My thoughts at that moment: WHAT THE F* HELL HAS HAPPENED!!!?!?! Considering that I hadn't run Wine for months, and it wasn't running at that moment either... I ran some ls's to see what had become of those libraries... it wasn't pretty. They had become character, block devices and FIFOs. 😕 I rebooted, and fsck still ignored the "clean" /usr (/dev/sda5) filesystem until I forced it to check it all filesystems again by setting their mount counts to some funny values using tune2fs.

Indeed, /usr was corrupted.

After init dropped me to a emergency console to run fsck manually on sda5, running e2fsck threw some interesting stuff, which I forgot to save to a file, but it was something like this:

inode ####### has 'compressed' flag set on an unsupported filesystem
inode ####### has invalid size
inode ####### (fifo) has non-zero size
inode ######## has 'compressed' flag set on an unsupported filesystem
((ad infinitum, ad nauseam))

After it finished, I noticed that the /usr/lost+found directory got populated with files and directories resembling parts of the Python 2.4 and 2.5 foundations installed.

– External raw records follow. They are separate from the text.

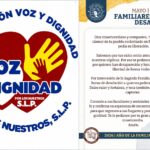 Convocan a misa por personas desaparecidas en Ciudad Valles
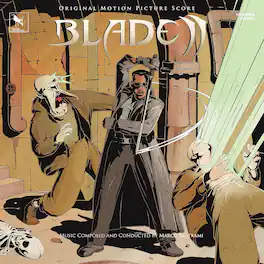 Marco Beltrami - Blade II (Original Soundtrack) - VINYL LP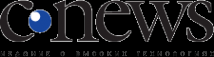 Логотип компании CNews.ru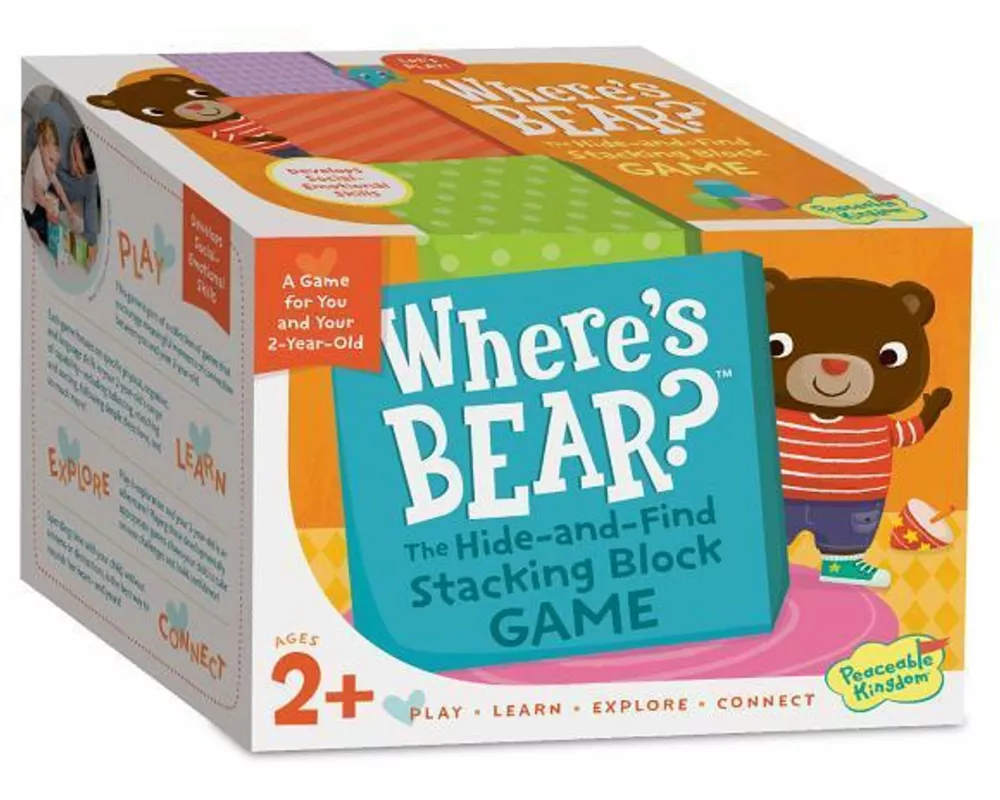 Wheres Bear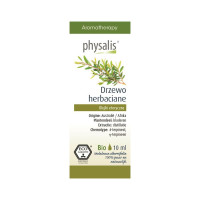 Olejek drzewo herbaciane Physalis 10ml BIO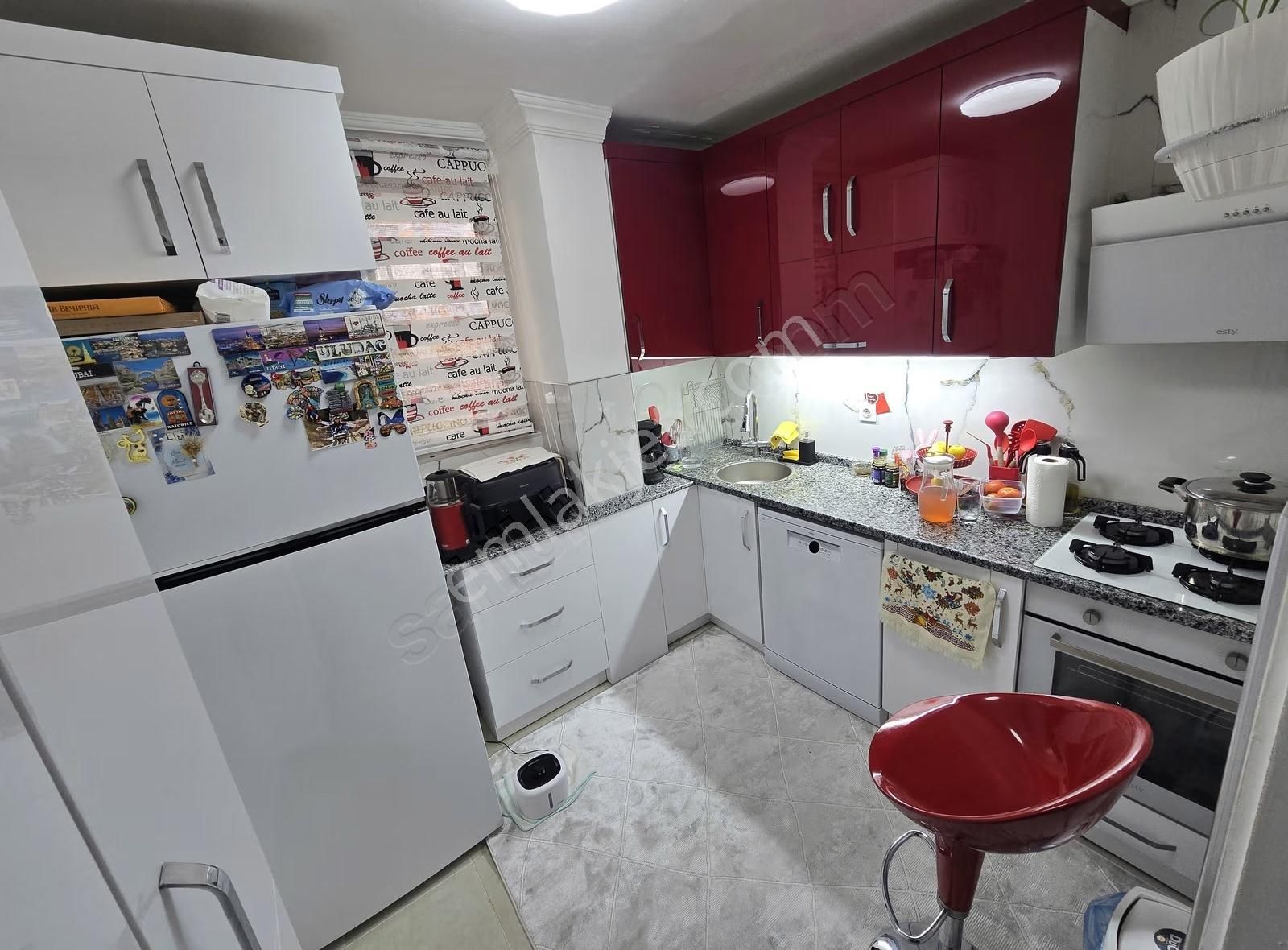 Ahatlı Da Bakımlı Satılık Yüksek Giriş 2+1 Daire - Görsel 25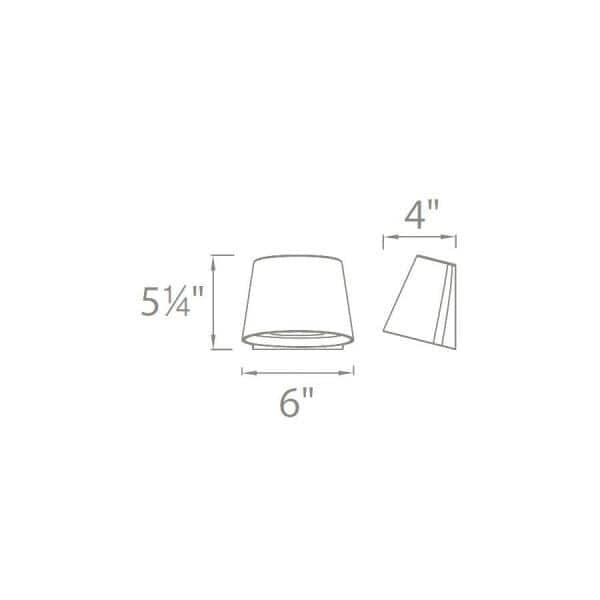 Meiners LED Wall Light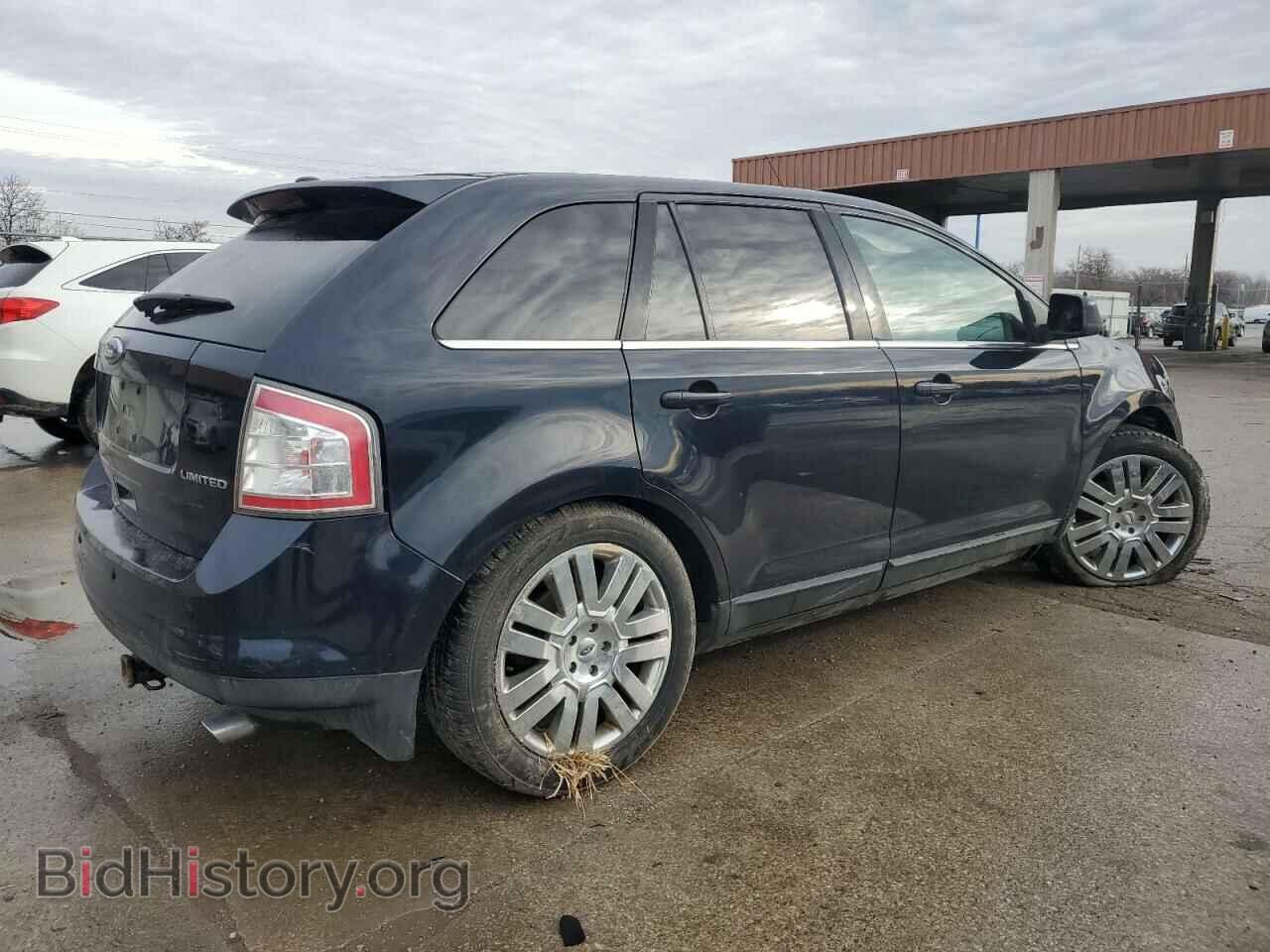 2010 FORD EDGE - VIN: 2FMDK3KC9ABA06542 - Фото 3
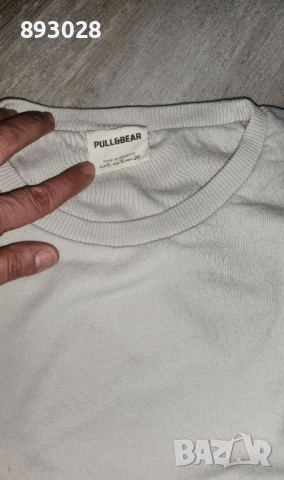 Блузи  Pull&Bear и H&M, снимка 4 - Блузи с дълъг ръкав и пуловери - 52183413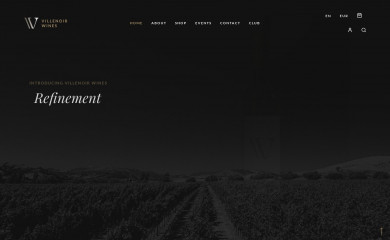 Villenoir screenshot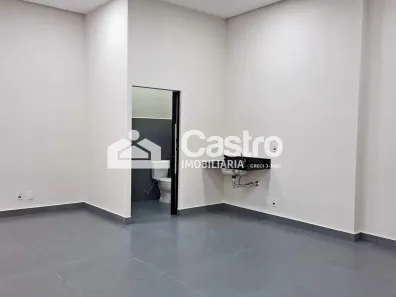 Conjunto Comercial / Sala para alugar, 27m² no Centro, Sertãozinho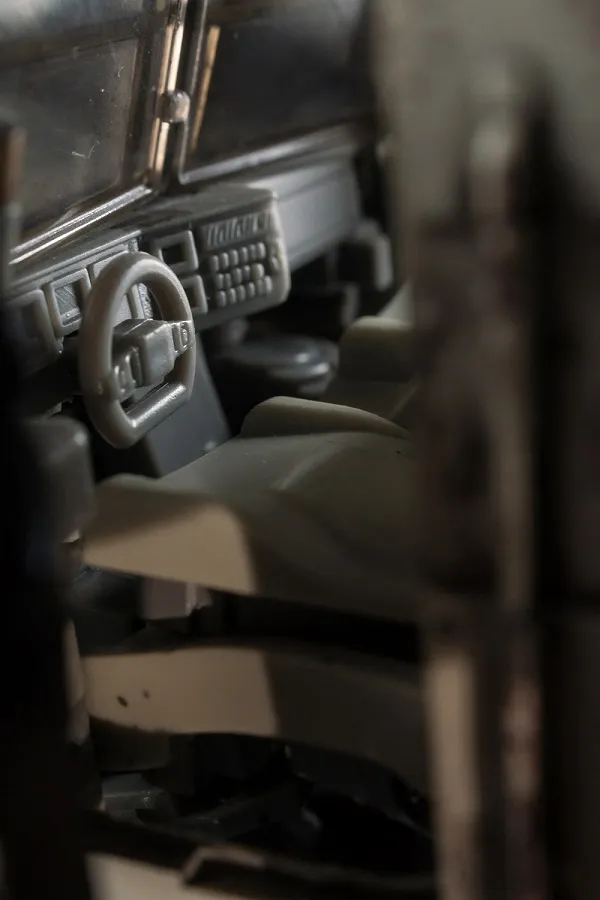 A-01 Mackron | Alien Attack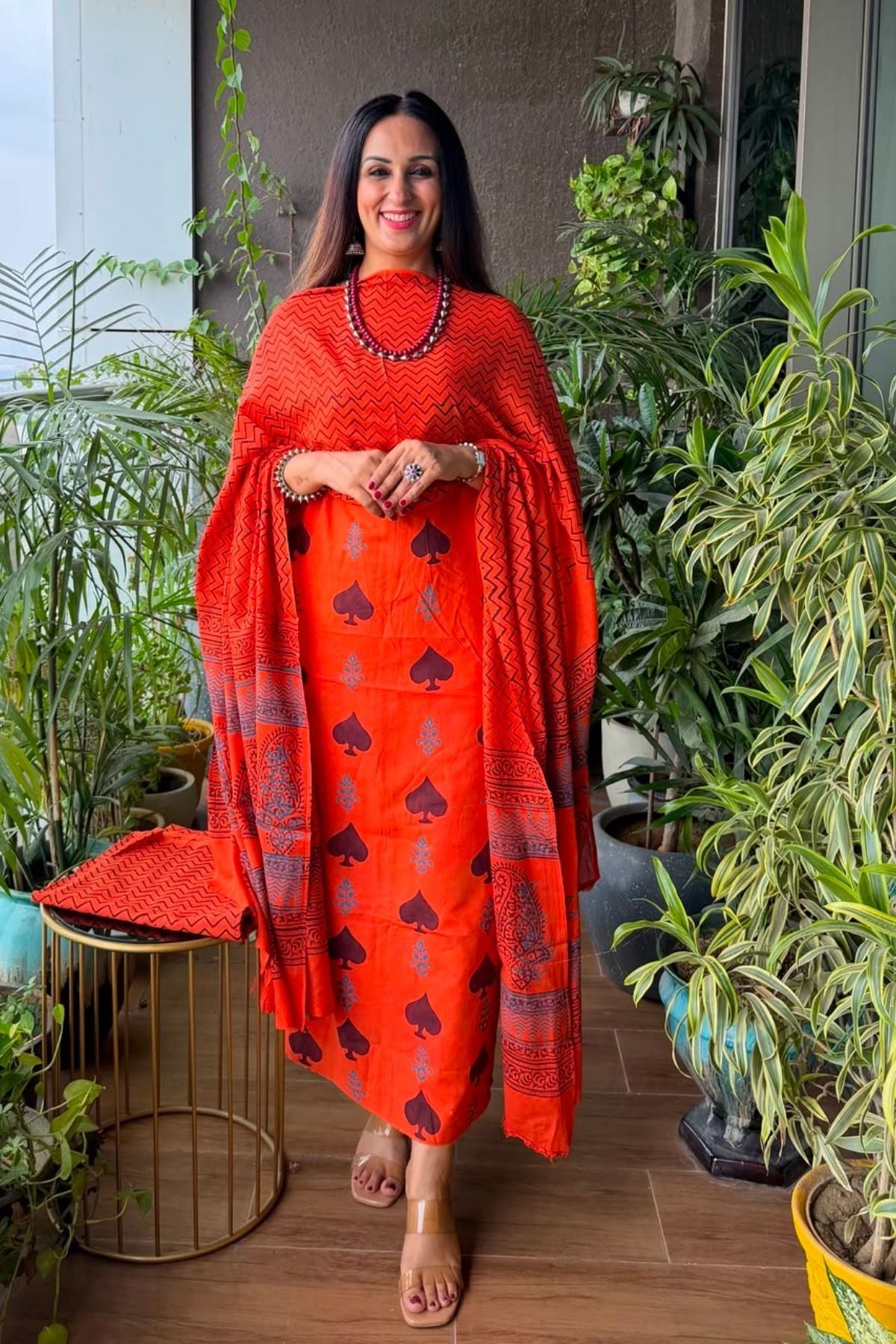 Bagh pure cotton full sets!!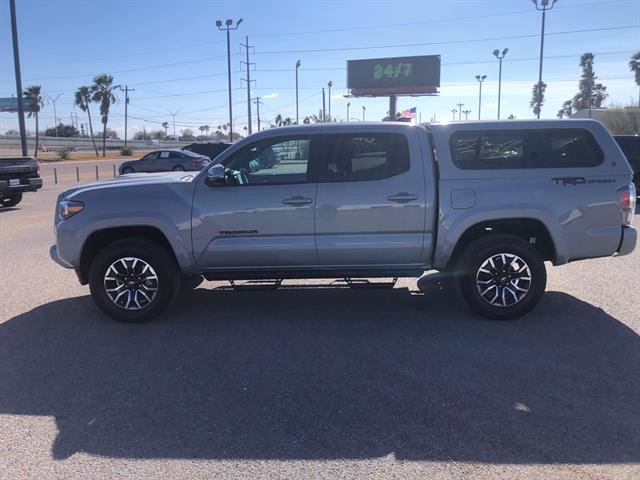 Used 2021 Toyota Tacoma TRD Sport image 4
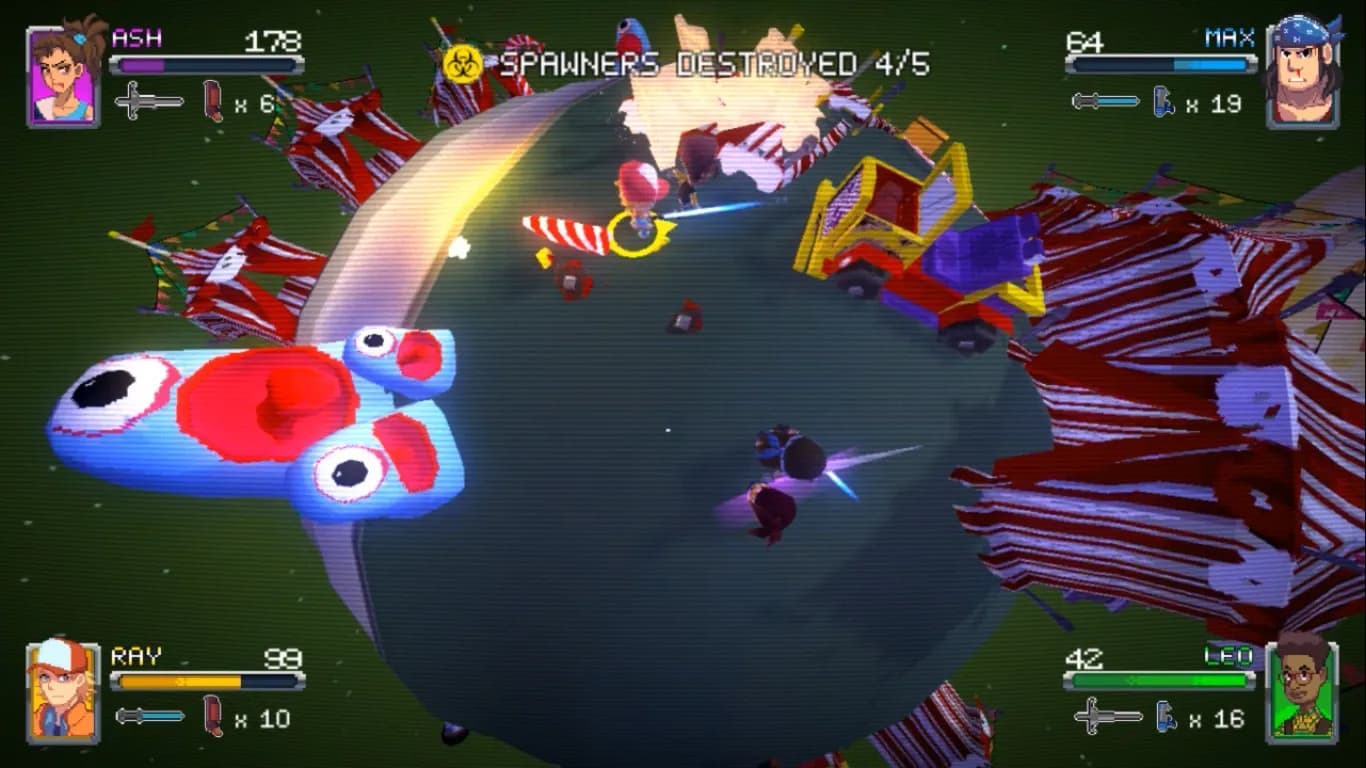 Orbiz screenshot screenshot 6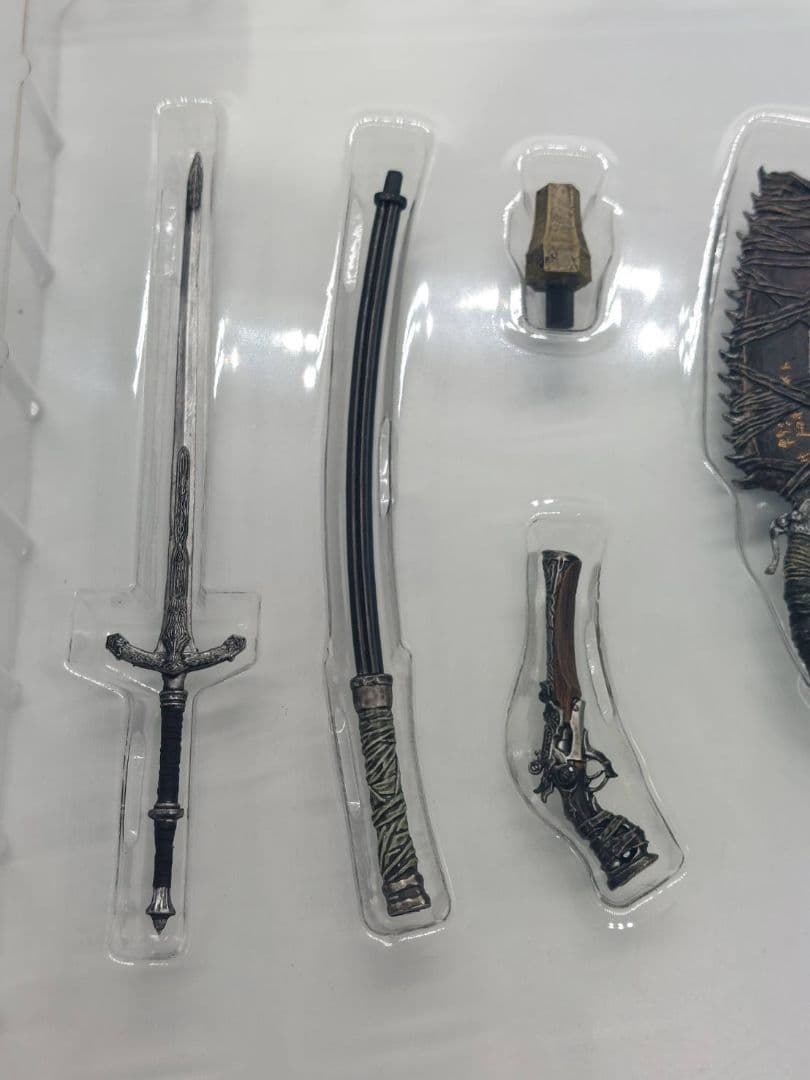 figma/Bloodborne 367-DX 狩人(Hunter)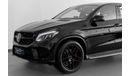 Mercedes-Benz GLE 43 AMG 2019 Mercedes GLE 43 AMG Coupe / 5 Year Warranty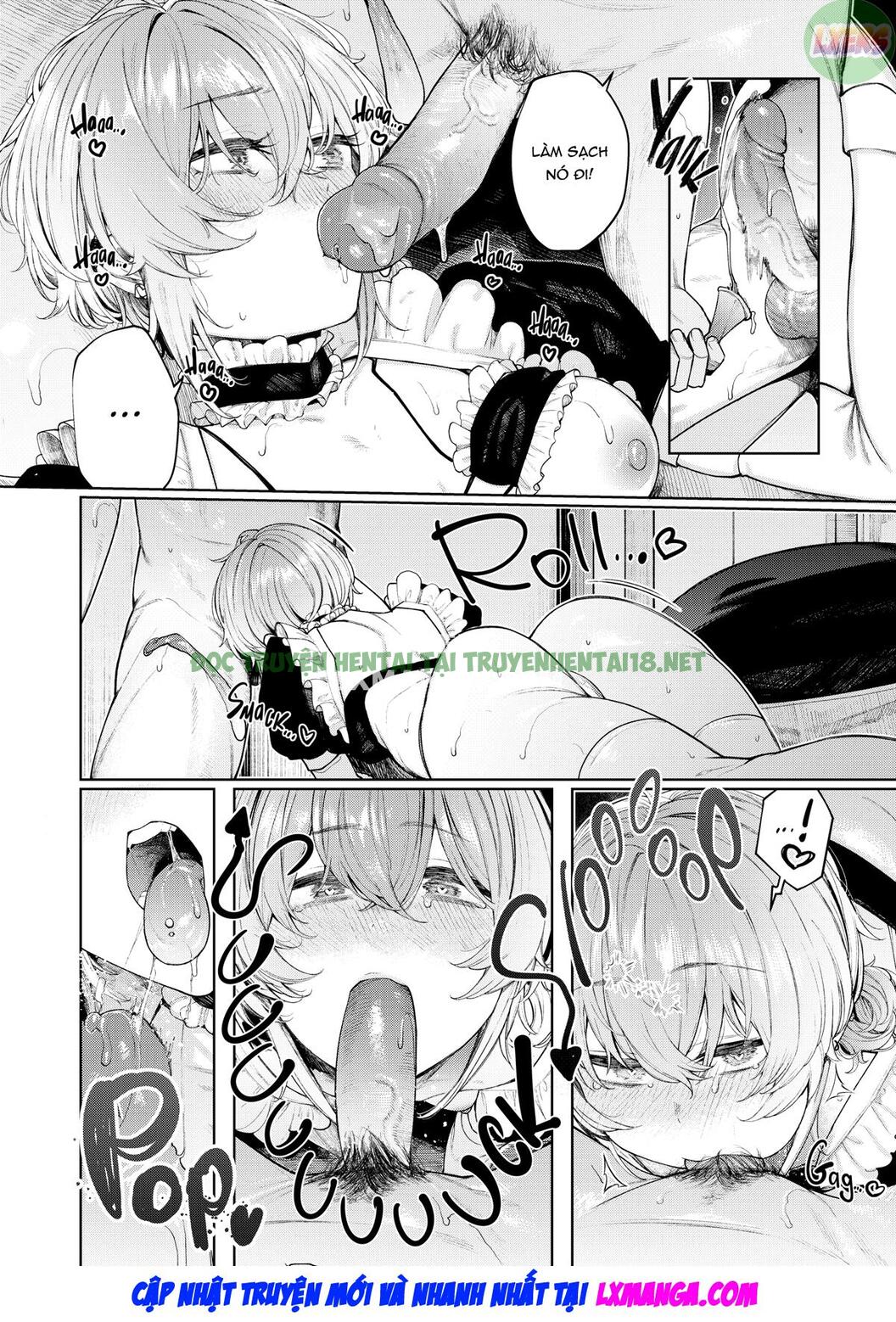 Hình ảnh 27 trong Lazy Cosplay Sex With My Delinquent Girlfriend - One Shot - Hentaimanhwa.net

Of course, missing entire directories is a really bad sign. But I could recover the affect packages I noticed, with help of apt-get install --reinstall. Those where anything aRts, Python, wine, Pango and Akregator (which I actually remembered to reinstall right now, while writing this), although I reinstalled the Samba server I had installed just some hours before the crash, just in case. Apparently I didn't lose anything else. None of the other filesystems were affected by whatever smashed parts of /usr.

The obvious course of action then was blacklisting drm and radeon, and removing the Option "AccelMethod" "exa" line in xorg.conf, and nuking the 2.6.30-rc2 kernel image just in case. 😛 Eclipse and artsd worked again, and nothing else has shown any symptoms of being affected by fsck's decisions since then. It's been just 5 days though, and I have many apps lying around that I only use when asked/forced to, so I don't even remember their names.

I didn't say goodbye to kompmgr, however; it has a pretty decent performance and marginal CPU usage even while using a shadow framebuffer, with just one CPU core enabled at half of its maximum frequency, and even if the system is under load, so I figured that I really didn't need DRI or EXA all the time (radeonhd still doesn't have a opengl implementation, so having DRI enabled made no difference for clients) Still, it was nice to be able to scroll a huge konsole or Iceweasel/Firefox window without experiencing flickering.